I numeri peggiori della regione, invece, si ritrovano a Mantova, dove la popolazione di titolari ‘over’ è cresciuta addirittura del 3,5%. Nella lettura dei dati lombardi, naturalmente, ci vogliono almeno due cautele. In primo luogo, bisogna tenere conto del numero di imprese attive sui singoli territori. Il dato percentuale delle aziende milanesi, per esempio, non deve ingannare: se è vero che l’incremento è inferiore rispetto a quello cremonese, le aziende a trazione ‘over’ in più rispetto al 2015 sono oltre 1.700. Si arriva, oggi, a quasi 8mila aziende milanesi con un anziano al comando. A Cremona sono quasi 7 volte meno (poco più di 1.200).
In secondo luogo, Unioncamere ha rilevato come gli imprenditori più anziani si concentrino nell’ambito di specifici settori produttivi. Nello specifico, nell’ambito delle attività estrattive (dove sono più della metà delle imprese), dell’agricoltura (28,3% del totale), della fornitura di energia elettrica (20,1%) e di acqua (15,5%). Infine, un imprenditore su dieci del settore ‘attività editoriali e trasmissioni radiofoniche’ ha più di 70 anni (10,3% del totale).
In altre parti d’Italia, le cose vanno ancora peggio. In particolare nel meridione, dove la quota di imprenditori ‘silver’, sul totale raggiunge la doppia cifra: «Il fenomeno è particolarmente accentuato nel Sud — si legge nel report — Basilicata (15%), Abruzzo (14%), Sicilia (13,3%), Puglia (13,2%) sono tra le regioni con la maggiore incidenza di over 70. da segnalare anche la coppia Umbria—Marche, in cui la quota dei titolari over 70 supera il ‘muro’ del 14%. In alcune province si toccano punte record: Grosseto (18,7%), Trapani e Chieti (17,6%), Taranto (15,9%), Enna (15,6%)». Si tratta di «Aree caratterizzate in parte da una base imprenditoriale ampia e, dall’altra, dalla persistenza di modelli familiari nelle attività più tradizionali».
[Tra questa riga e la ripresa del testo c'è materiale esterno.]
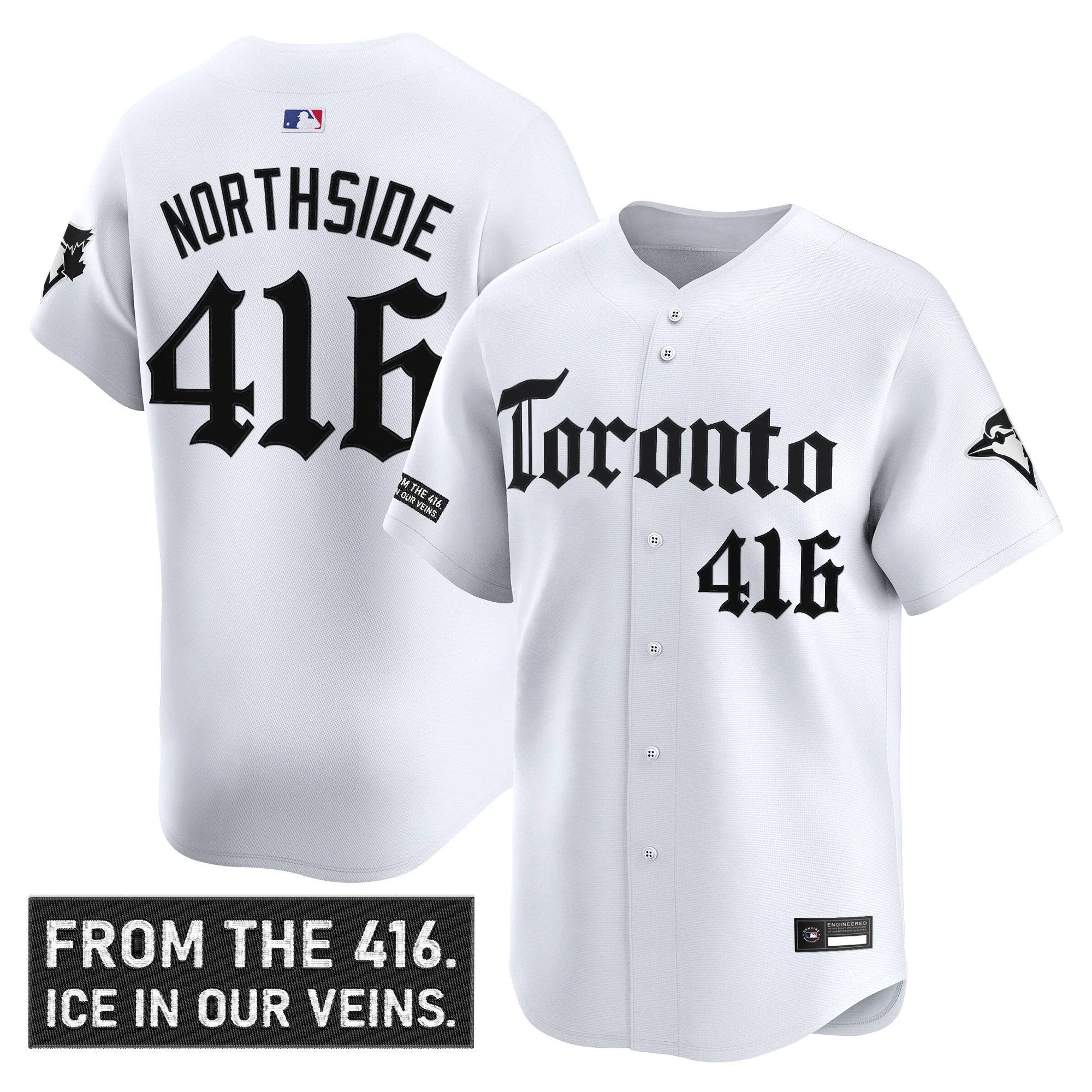NorthSide Jersey #416 Toronto Blue Jays Gothic North Edition Stitched White by My Store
La controprova viene anche dai dati provinciali che fotografano la situazione delle singole realtà territoriali del sud Italia: «Nell’arco del decennio — prosegue il report — emergono province dove l’invecchiamento è particolarmente rapido: è il caso di Enna +5,2% punti percentuali, Crotone: +4,8 punti, Chieti: +4,6 punti, Vibo Valentia: +4,5 punti, Grosseto: +4,3 punti. In queste realtà — spesso rurali, del Sud o interne — il dato segnala una fragilità strutturale: si tratta di microimprese tradizionali, spesso a conduzione familiare, dove mancano ricambi generazionali e attrattività per i giovani. Questa polarizzazione territoriale — prosegue il report — solleva interrogativi su come sostenere il passaggio generazionale e su quali politiche attivare per accompagnare l’uscita degli imprenditori anziani, garantendo continuità alle attività economiche più radicate nel tessuto locale».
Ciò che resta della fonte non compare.